In this model, patient behaviour is driven by neurochemistry problems, which calls for a pharmaceutical response. Thus, it is neurobiological research and drug development that will advance 'active ageing'. The triumphalist hope held out now is to technologically delay or even cure or prevent cognitive impairment.

Yet, science cannot even explain how consciousness, awareness and memory can emerge from nerves and neurotransmitters. That is, scientists do not even know what the mind is.

Thus, despite much effort, there are still no useful biomarkers of Alzheimer's available for clinical use. Drug development also has seen no dramatic success. Case Western Reserve University neurologist Peter Whitehouse even makes the case in The Myth Of Alzheimer's (2008): If this cognitive decline is an inevitable part of ageing, then labelling it with a medical diagnosis is a mistake.
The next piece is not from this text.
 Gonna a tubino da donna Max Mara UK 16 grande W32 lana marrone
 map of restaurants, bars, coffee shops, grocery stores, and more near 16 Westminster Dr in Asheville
With so much hope invested into a magic potion, society does not think enough about how best to deal with Alzheimer's if there is no remedy.

Instead, books, articles and TV shows offer commercial products and cultural pursuits as viable brain tonics. These include Gingko biloba, brain training with the Nintendo Wii, crossword puzzles and sudoku, or 'lifelong learning' programmes at the neighbourhood community centre.

While some of these things may help the bored, what they show is how cognitive capacity is overvalued in our culture, with its unrealistic images and expectations about staving off cognitive ageing.

A 2011 report by the Royal Society, called Brain Waves, expressed worries about the unrealistic promissory notes of imaginary futures that acolytes of the neuroscience revolution may be handing out.

In the past, fewer people lived to a very old age, so there were fewer instances of cognitive decline to see. Now, more people live very much longer, so we logically will see more of them around.

An inevitable process that unfolds naturally over time - ageing and decline - is now said to be a problem begging for a pharmaceutical solution. Unfortunately, this re-visioning of senility as a neurobiological disorder downplays the social contexts in which cognitive decline manifests.

After labelling them as ill, we infantilise and disenfranchise them socially. The stigma even spreads to their families and we look askance at the slobbering old men and women in wheelchairs, and also at their caregivers.

People with Alzheimer's die a social death at our hands before they leave this world. Their contributions, their past, their stories, are wiped out and we view them through the lens of fear and disgust. It is as if, in their mental and physical decline, they have no more dignity that calls forth our acceptance.

Instead, they are viewed simply as a st(r)ain on 'our' void deck. 'They' threaten 'our' social order, it seems.

This is wrong. Regardless of what today's science wants to claim, these old folks in our midst do not have a disease. The living must age and the ageing will decline cognitively, so we must embrace this and treat cognitively impaired elderly persons kindly. They are not ill, just old.